TASK. Quote every line of the data below as it stands, omitting pictures.

MATERIAL FOR THIS TASK.

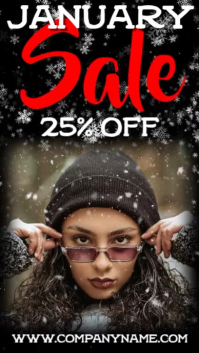 January Sale Digital Template Ekran reklamowy (9:16)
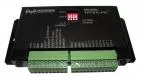 Top view of the flasher label listing left, right, centre flash, dimmer and outputs 1 to 8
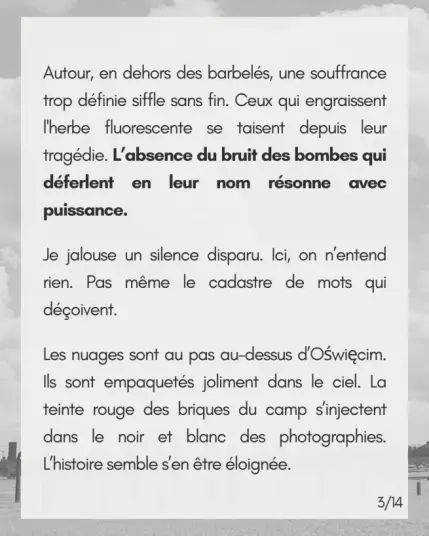Autour, en dehors des barbelés, une souffrance trop définie siffle sans fin. Ceux qui engraissent l’herbe fluorescente se taisent depuis leur tragédie. L’absence du bruit des bombes qui déferlent en leur nom résonne avec puissance.

Je jalouse un silence disparu. Ici, on n’entend rien. Pas même le cadastre de mots qui déçoivent.

Les nuages sont au pas au-dessus d’Oświęcim. Ils sont empaquetés joliment dans le ciel. La teinte rouge des briques du camp s’injectent dans le noir et blanc des photographies. L’histoire semble s’en être éloignée.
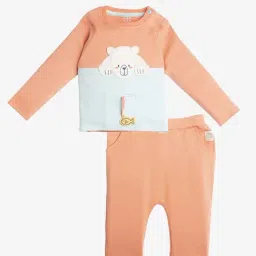 Ed-a-Mamma Baby Orange Organic Cotton Regular Printed Clothing Sets-image-0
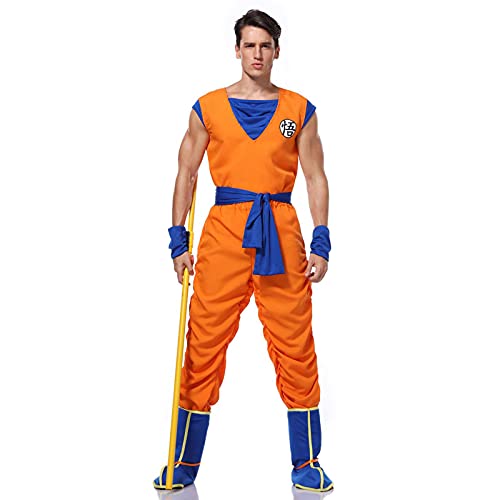 Son-Goku Disfraz de Cosplay Dragon-Ball Adult Men Anime Set Traje de Carnaval de Halloween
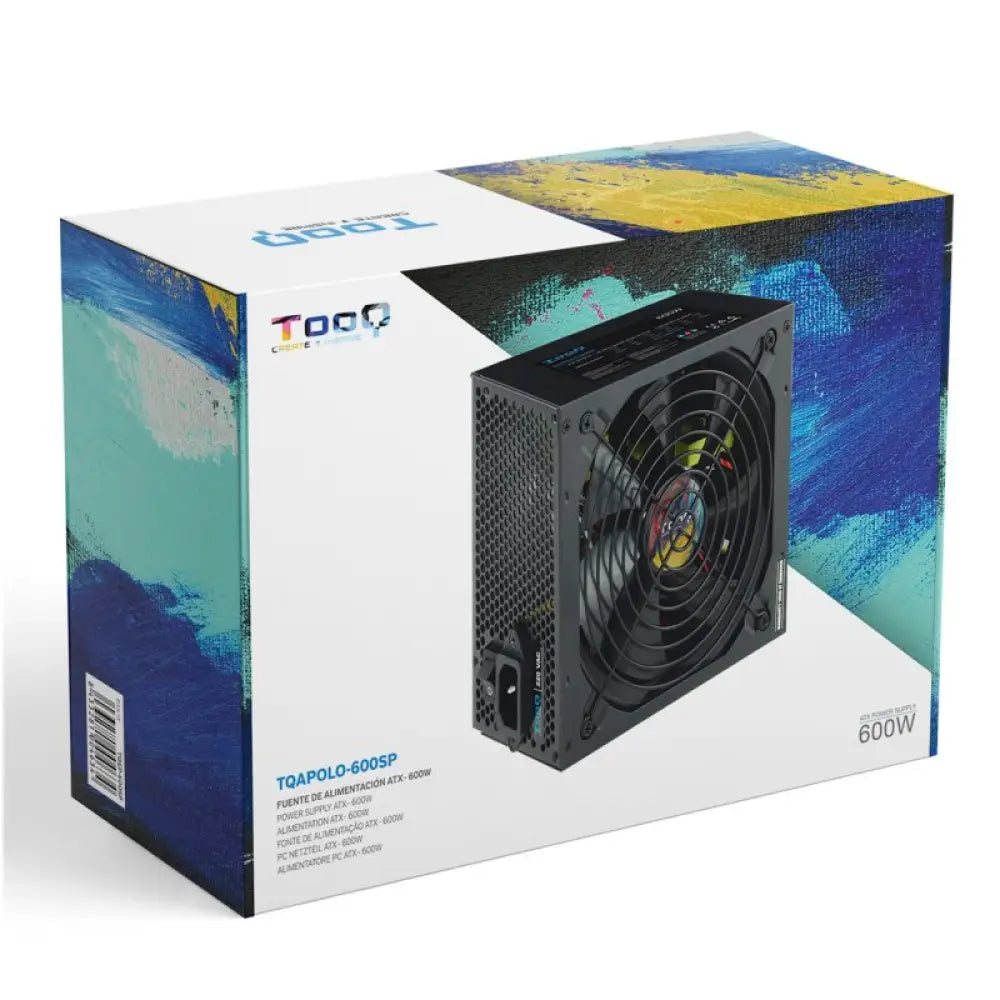 Fuente de alimentación TOOQ TQAPOLO-600SP de 600W, para PCs, con diseño compacto y cables distribuidos para fácil instalación.
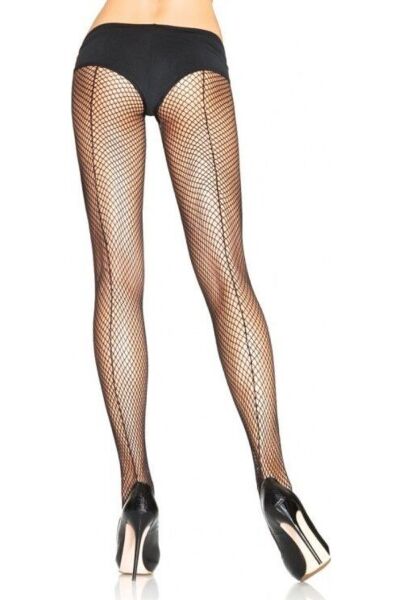 Collants de rede Leg Avenue Callie em preto, com costura atrás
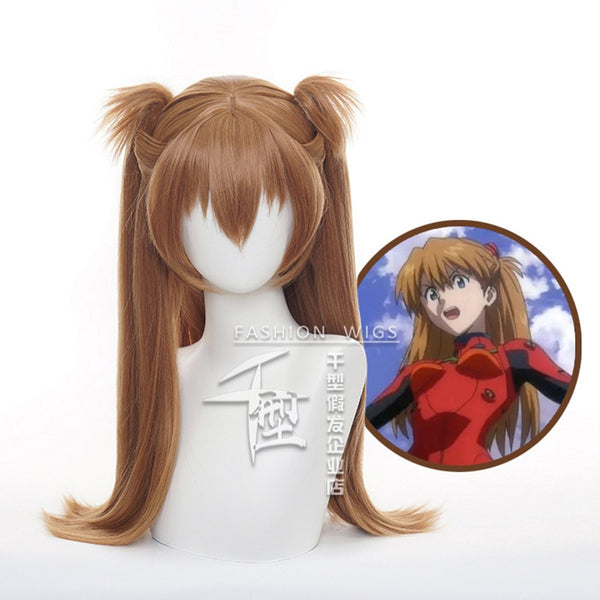 Asuka Langley Soryu Orange Brown Long Ponytails Wig Cosplay Heat Resistant Synthetic Hair Women Party Wigs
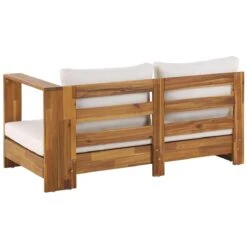 Beliani-MARETTIMO-Loungeset Voor 5-Lichte Houtkleur|Creme-Acaciahout -Meubels Voor Thuis 9441065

EXERCISE OUTPUT.
 January Sale Digital Template Ekran reklamowy (9:16)
 Top view of the flasher label listing left, right, centre flash, dimmer and outputs 1 to 8
Autour, en dehors des barbelés, une souffrance trop définie siffle sans fin. Ceux qui engraissent l’herbe fluorescente se taisent depuis leur tragédie. L’absence du bruit des bombes qui déferlent en leur nom résonne avec puissance.

Je jalouse un silence disparu. Ici, on n’entend rien. Pas même le cadastre de mots qui déçoivent.

Les nuages sont au pas au-dessus d’Oświęcim. Ils sont empaquetés joliment dans le ciel. La teinte rouge des briques du camp s’injectent dans le noir et blanc des photographies. L’histoire semble s’en être éloignée.
 Ed-a-Mamma Baby Orange Organic Cotton Regular Printed Clothing Sets-image-0
 Son-Goku Disfraz de Cosplay Dragon-Ball Adult Men Anime Set Traje de Carnaval de Halloween
 Fuente de alimentación TOOQ TQAPOLO-600SP de 600W, para PCs, con diseño compacto y cables distribuidos para fácil instalación.
 Collants de rede Leg Avenue Callie em preto, com costura atrás
 Asuka Langley Soryu Orange Brown Long Ponytails Wig Cosplay Heat Resistant Synthetic Hair Women Party Wigs
 Beliani-MARETTIMO-Loungeset Voor 5-Lichte Houtkleur|Creme-Acaciahout -Meubels Voor Thuis 9441065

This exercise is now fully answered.